1. Réduire les risques de dépendance
La France mise sur des champions nationaux comme OVH et Thales. L’objectif : couvrir 50% des besoins cloud d’ici 2027. L’UE pousse pour des solutions interopérables via Gaia-X. Une approche progressive mais structurée.
2. Anticiper les tensions géopolitiques
Les sanctions contre la Russie ont montré la fragilité des chaînes d’approvisionnement. L’Europe accélère ses investissements dans les semi-conducteurs (projet IPCEI). Un impératif pour sécuriser les infrastructures critiques.
Ce qu’il faut retenir
- Le Royaume-Uni paie sa dépendance à Palantir : 1,2 milliard de livres par an en contrats
- La souveraineté numérique devient un enjeu de sécurité nationale en Europe
- La France et l’UE misent sur des alternatives locales, mais le retard est réel
- Les données sensibles (santé, défense) doivent être protégées par des acteurs européens
- La diversification des fournisseurs est une priorité pour éviter les monopoles
❓ Questions fréquentes
Pourquoi Palantir est-elle critiquée au Royaume-Uni ?

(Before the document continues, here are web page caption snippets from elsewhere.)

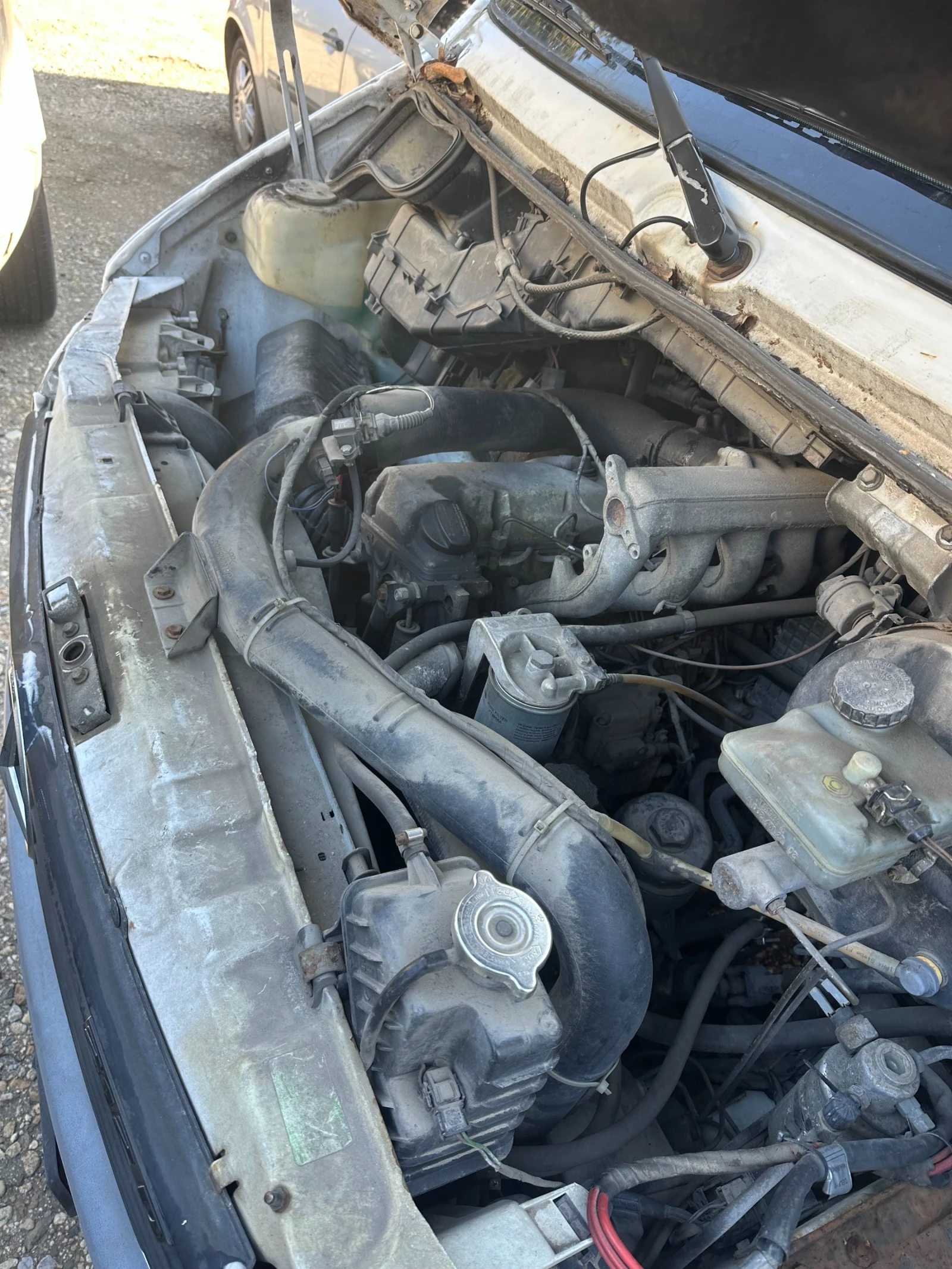 Mercedes-Benz Sprinter 212, снимка 11 - Бусове и автобуси - 54213643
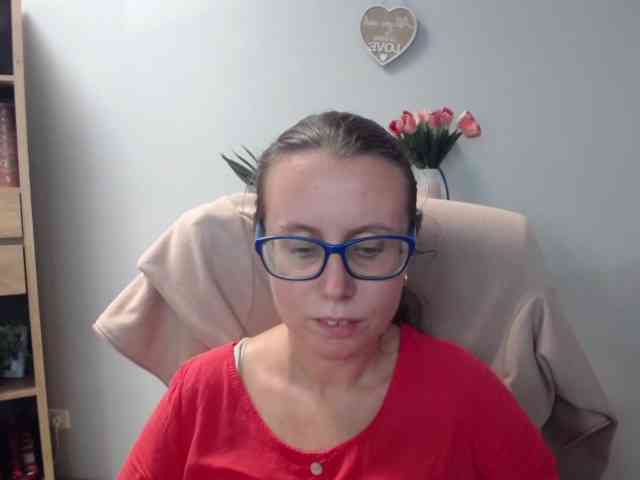 sparkleLizzy webcam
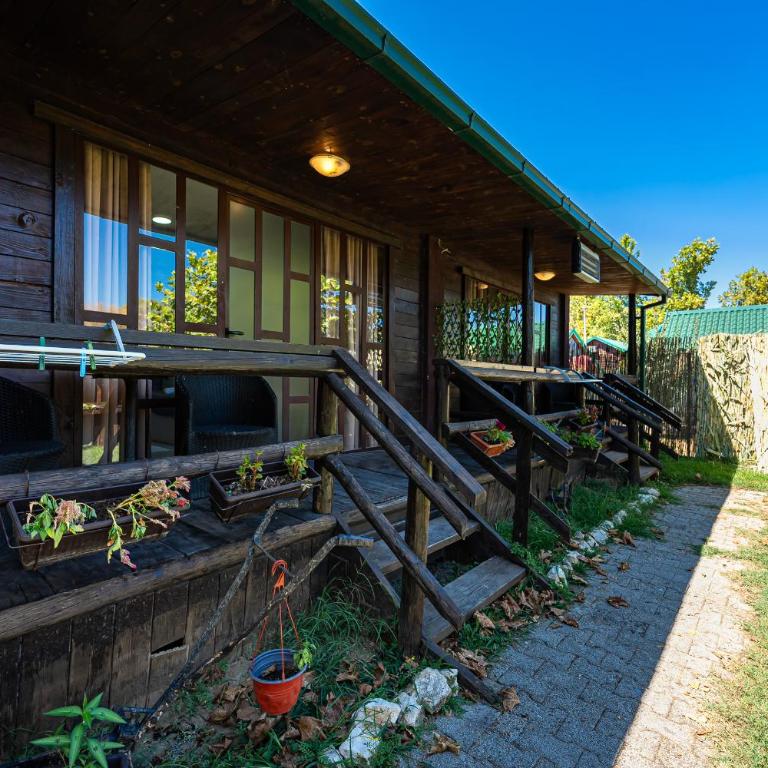 Apartments Obala - Standardni Apartman - 8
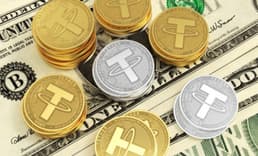 Stablecoin işlemleri 33 trilyon dolarla rekor kırdı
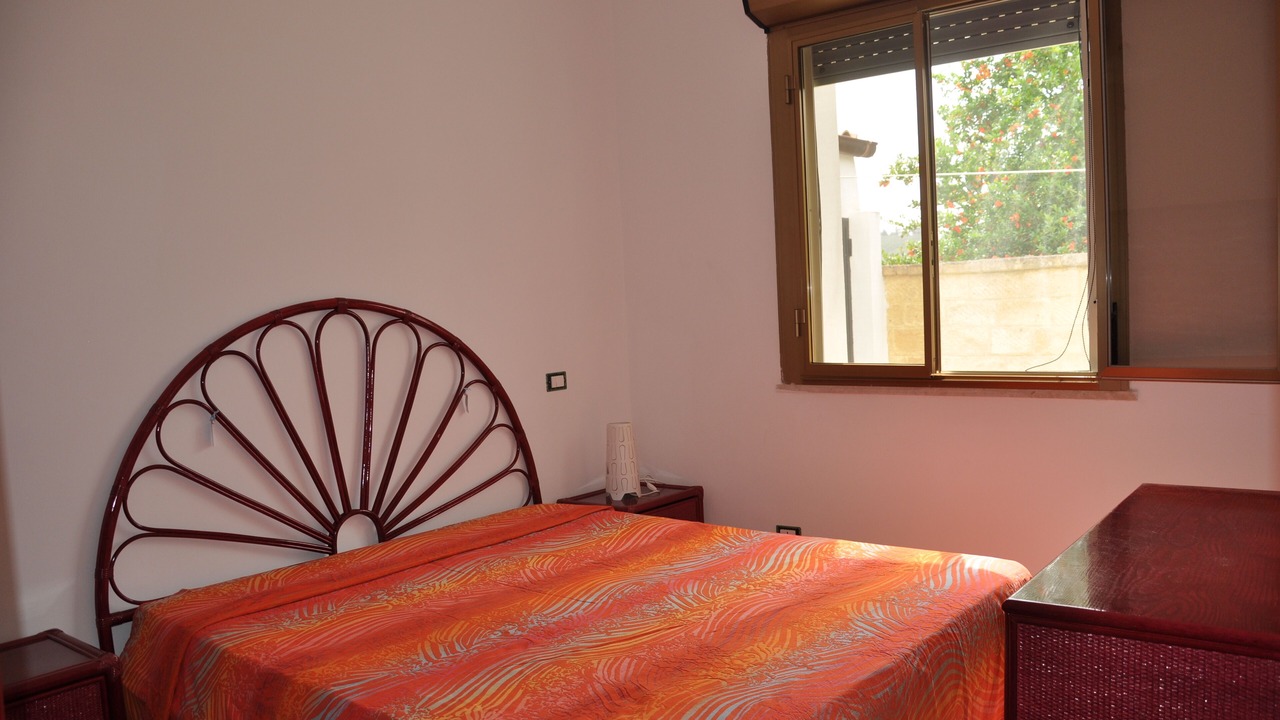 Photo of Bedroom in Contrada Fiori Sud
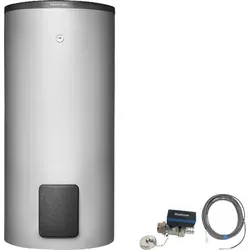 Buderus Logaplus WP-Speicherpaket SP1 Logalux SH290 RS-B von Buderus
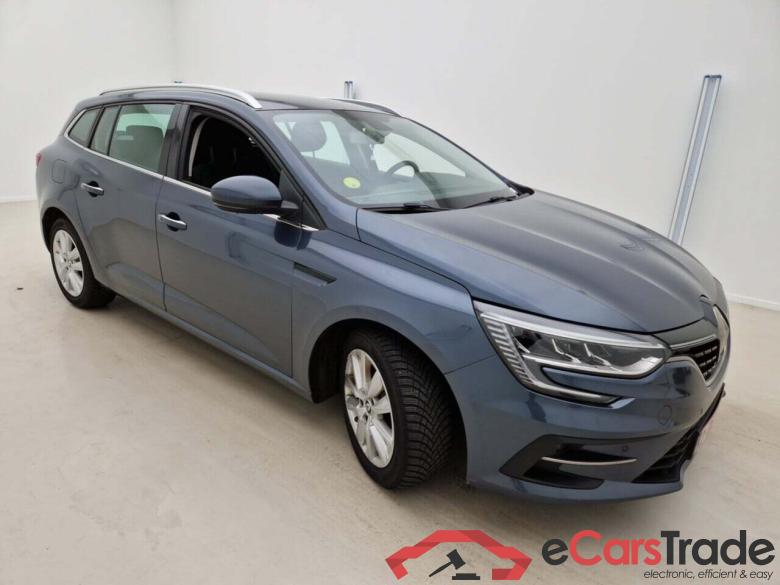 Renault Megane 1.5 DCI LED Navi KeylessGo Camera Klima PDC ... #2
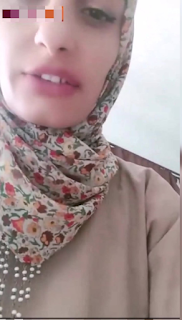 işte deneyimli bir türbanlı giyinişi tarzı ailenizin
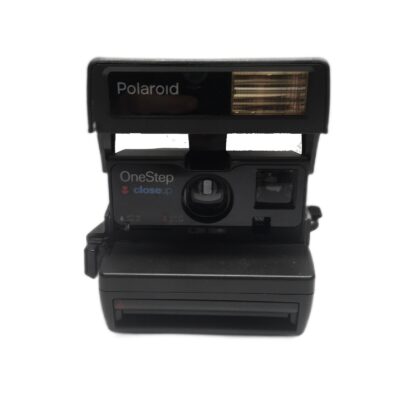 Polaroid 600 OneStep Close Up Instant Camera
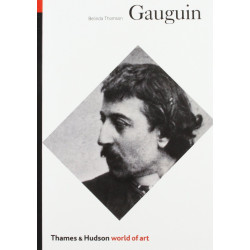 Gauguin (World of Art)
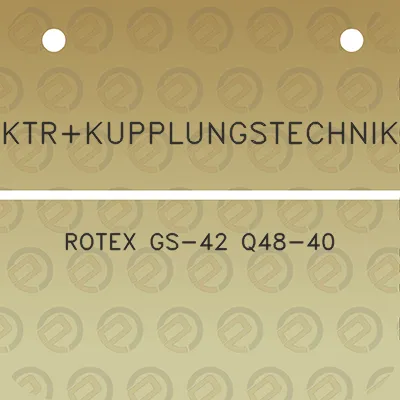 ktrkupplungstechnik-rotex-gs-42-q48-40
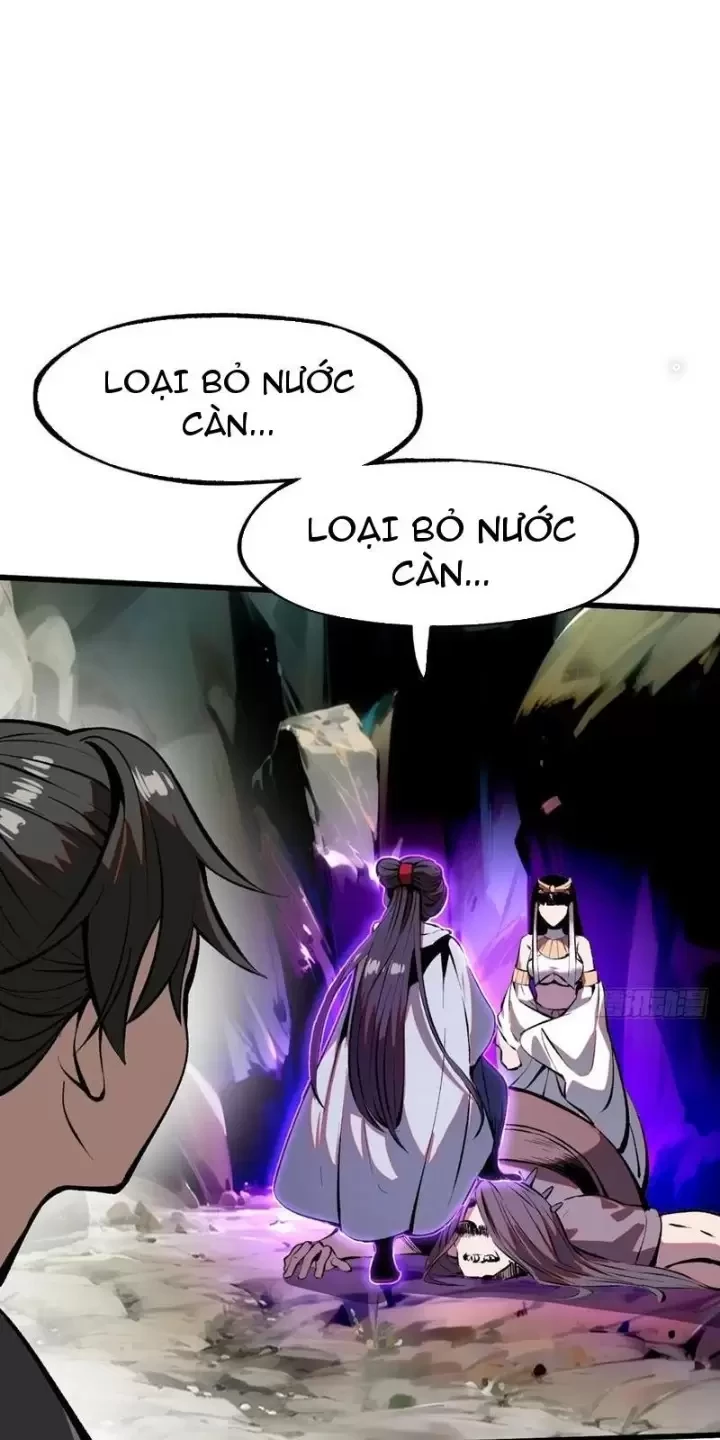 Không Cẩn Thận, Lưu Danh Muôn Thủa Chapter 50 - Trang 2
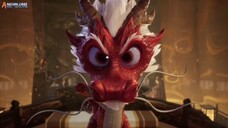 Supreme Alchemy Eps 143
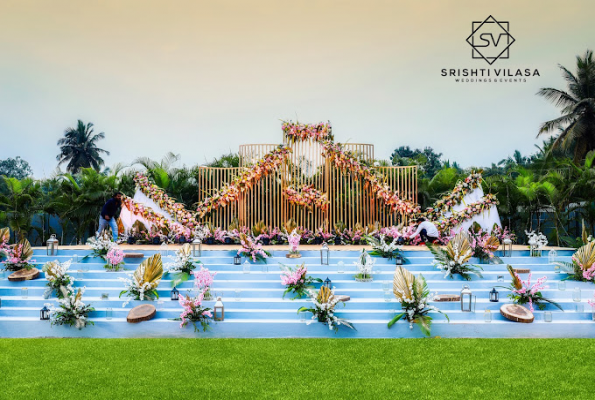 Srishti Vilasa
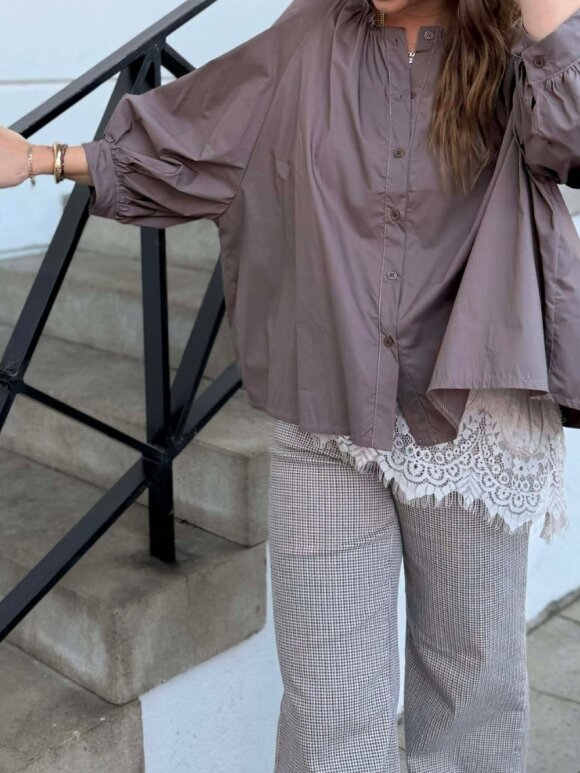 MARTA - MdcJoelle Shirt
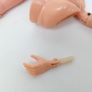 Palitoy Action Man Body Parts Image 2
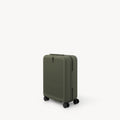 Moln Suitcase - Small Plus - Moss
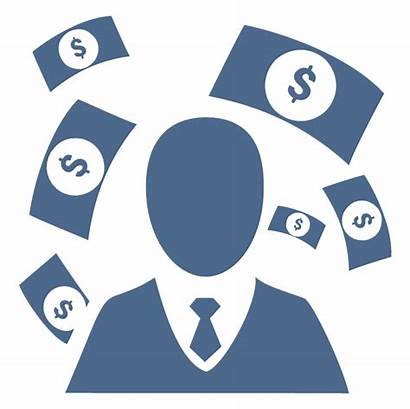 Financial Finance Management Manager Clip Clipart Symbols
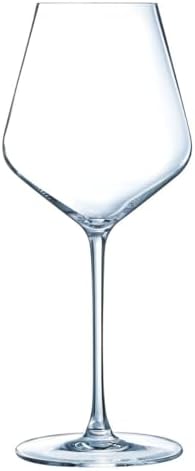 Vue 2 de Chefsommelier Collection Distinction Verres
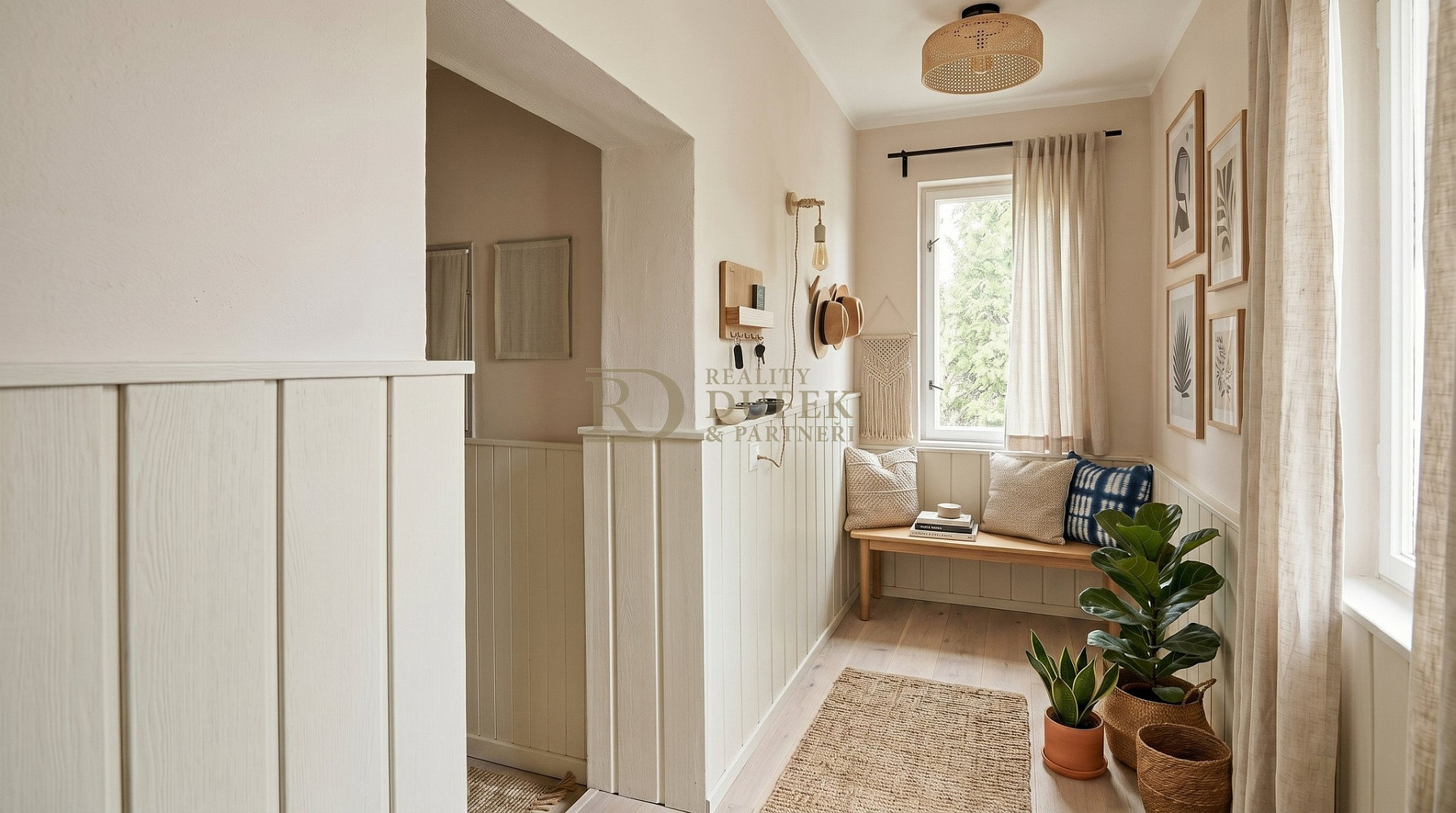 Prodej domu 165 m² s pozemkem 1 495 m² — photo 4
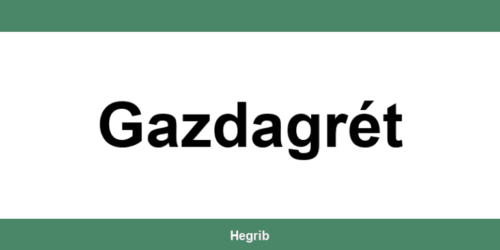 CIB Bank nyitvatartás és ATM elérhetőségek Gazdagrét területén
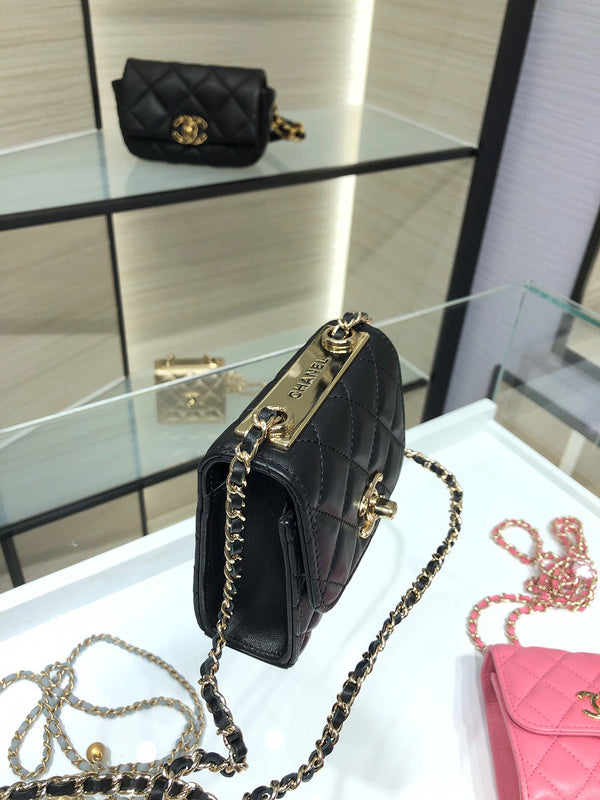 Satchel Bags - CHL Bags - 7385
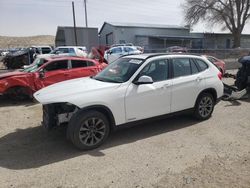 BMW X1 salvage cars for sale: 2014 BMW X1 XDRIVE28I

Le rapport parlementaire dénonce une dépendance excessive. Palantir gère des données critiques en santé et défense, sans alternative locale.
Quels sont les risques pour le Royaume-Uni ?
Cybersécurité, perte de contrôle sur les données sensibles, et vulnérabilité géopolitique. Un acteur étranger peut influencer des décisions stratégiques.
La France est-elle mieux préparée que le Royaume-Uni ?
Oui, mais avec des limites. La France a lancé des projets comme Bleu (cloud souverain) et investit dans les semi-conducteurs. Cependant, les acteurs américains dominent encore le marché.
En résumé
Le cas britannique est un avertissement pour l’Europe. La dépendance à des acteurs étrangers en IA et cloud expose les États à des risques majeurs. La France et l’UE doivent accélérer leurs projets souverains. L’objectif : ne pas répéter les erreurs de Londres. La souveraineté numérique n’est plus une option, mais une nécessité stratégique.